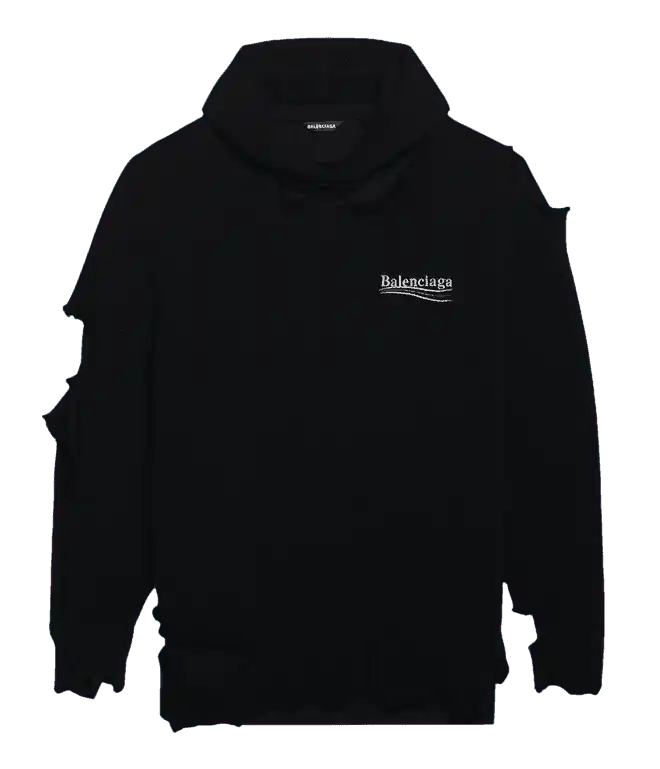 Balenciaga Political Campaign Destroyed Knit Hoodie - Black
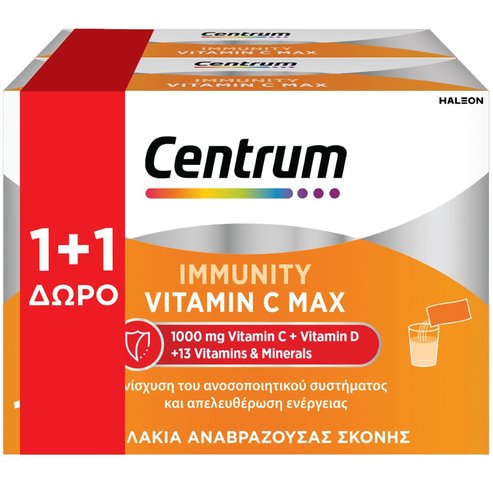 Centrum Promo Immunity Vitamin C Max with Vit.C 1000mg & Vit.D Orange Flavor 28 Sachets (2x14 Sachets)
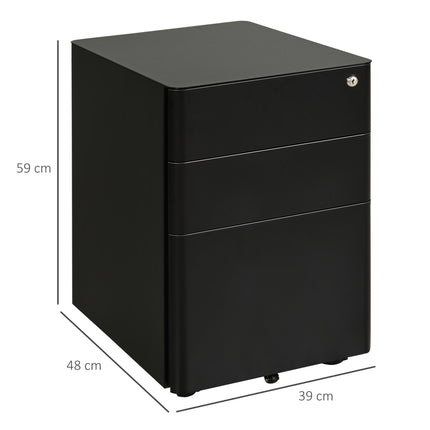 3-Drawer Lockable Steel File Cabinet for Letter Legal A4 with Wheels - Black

## Work to be completed:
Leaving every image behind, repeat the data in full and exactly.

## Response area:
 Balenciaga Political Campaign Destroyed Knit Hoodie - Black
 Centrum Promo Immunity Vitamin C Max with Vit.C 1000mg & Vit.D Orange Flavor 28 Sachets (2x14 Sachets)
 3-Drawer Lockable Steel File Cabinet for Letter Legal A4 with Wheels - Black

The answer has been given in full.